WHAT THE TASK REQUIRES
Below are entries. Reproduce exactly the lines between the line holding "Na obrázku vidíme" and the line holding "Victoria's Secret Wear", inclusive, and only those.

------ EXERCISE INPUTS

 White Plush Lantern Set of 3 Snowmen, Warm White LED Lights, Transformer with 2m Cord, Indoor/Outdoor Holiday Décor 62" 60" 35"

------------
------ EXERCISE INPUTS

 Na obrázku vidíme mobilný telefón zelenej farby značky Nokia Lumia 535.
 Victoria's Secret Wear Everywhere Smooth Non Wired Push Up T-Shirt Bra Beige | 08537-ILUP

------------

SOLUTION FOR THIS PROBLEM
 Na obrázku vidíme mobilný telefón zelenej farby značky Nokia Lumia 535.
 Victoria's Secret Wear Everywhere Smooth Non Wired Push Up T-Shirt Bra Beige | 08537-ILUP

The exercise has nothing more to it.